Style Legacy of Shirin Guild


As the new issue of Archivist launches at Claire de Rouen, we preview
Dal Chodha's profile of designer Shirin Guild, whose instinct for
simplicity established her namesake brand as a powerhouse of 90s
:
fashion

FEBRUARY 02, 2016

TEXT Dal Chodha

LEAD IMAGE Photography by Joachim Mueller Ruchholtz, Styling by Jane Howard

Shirin Guild established her namesake label in London during a period when cross-
cultural style was the dernier cri in international fashion. During the early Nineties,
designers as disparate as Dries Van Noten and Gianni Versace explored
ethnographic narratives, pushing everything from embroidered silks to batik-printed
fabrics into hip wardrobes of the time. The arrival of Guild’s minimalist strand of
ethnic wear in 1991 caused a swell of confident, erudite women to banish these more
ornamental styles in favour of a more fluid, Eastern elegance. Within six years Shirin
Guild became the top-selling designer collection in the venerated department store
Liberty of London, which itself had been something of a temple to Orientalism since
opening in 1875.

In 1997, Guild’s ‘Abba’ coat, jacket and vest, paired with apron-fronted linen trousers,
stood in the middle of the Victoria and Albert Museum as part of an exhibition that
focused on themes of post-war national fashion identity. Her work is part of the
permanent collection there as well as the Brighton Museum & Art Gallery and Fashion
Institute of Technology in New York. Such acquisitions of Guild’s work are astonishing
not for their period, but for how they endure as striking examples of avant-gardist
understatement.

For more than twenty years Guild has enjoyed an almost cultish reputation parallel to
that of another of fashion’s robust advocates for minimalism: the Yugoslavian-born
designer Zoran. Zoran first made his name in the late Seventies in New York,
presenting austere, liquid clothes that had no buttons, snaps or zippers. Today, like
Guild, he operates outside the traditional seasonal calendar, selling directly to
clients, snubbing the anxieties of seasonal trends and internet shopping.
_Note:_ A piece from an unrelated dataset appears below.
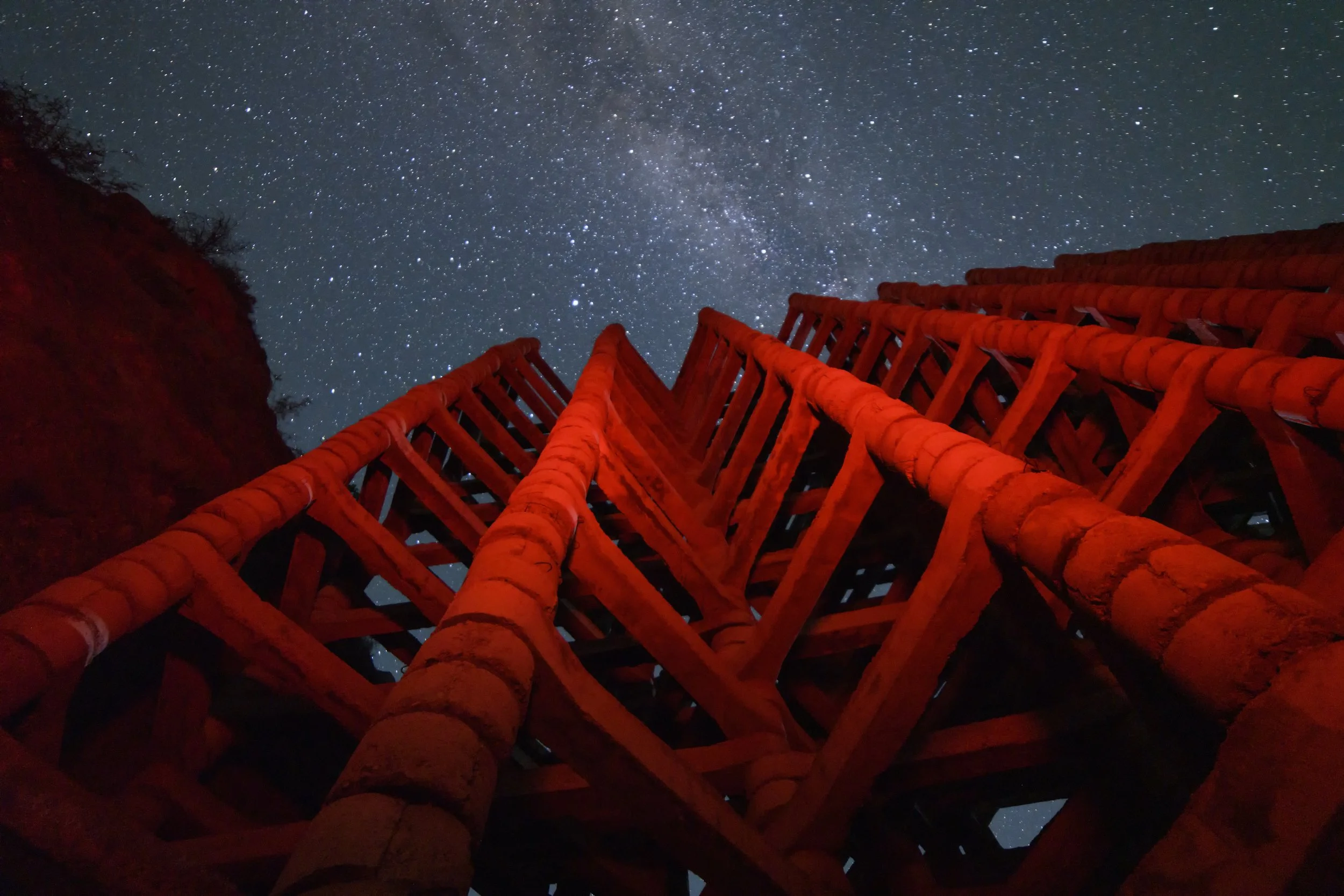 “Red Ladder at Night” by Mary Dean Lee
Between 2000 and 2008 Guild had her own store at 241 Fulham Road in Chelsea,
which held three floors of her distinct aesthetic: world clothing – namely traditional
menswear from her native Iran – reimagined with a modern, reductivist aesthetic in
the finest fabrics. Today the label hosts regular pop-up sales in Marylebone that, after
only a few minutes of opening, become a battlefield of Irish linen, Italian wool and
crisp cotton as Guild’s faithful habitués rummage through the racks, feeding their
discreet brand of modishness.

There is great elegance to minimalism. “I think as we grow we want to have a calmer


life,” Guild says. “I actually think I have always been a kind of minimal person. I like
:
simple things, because to me simplicity is the key to everything. If you go in a straight
line, how can you make a mistake?”

Photography by Joachim Mueller Ruchholtz, Styling by Jane Howard

Born in 1946, Guild grew up in Iran, and lived in London and New York for a time.
Before the Iranian Revolution of 1979, she moved to Los Angeles to settle with her first
husband, with whom she had two sons. It was in Beverly Hills that Guild first
discovered clothes by a group of then-unknown Japanese designers, hanging in a
boutique on Camden Drive. Looking through a photo album from the time, she stops
on a picture of herself wearing a half-sequined, velvet dinner jacket with an
embroidered dragon crawling down the front. “Kansai Yamamoto!” she sighs. “When
I saw Comme, Issey and Yohji’s clothes, the ethnic strand of their work, that was all I
wanted to wear. I wouldn’t say I was ever a maximalist, but I did shop a lot –
although my mind always worked in a minimalist way. I liked straight lines, simple
things with little pattern. No accessories, no jewellery.”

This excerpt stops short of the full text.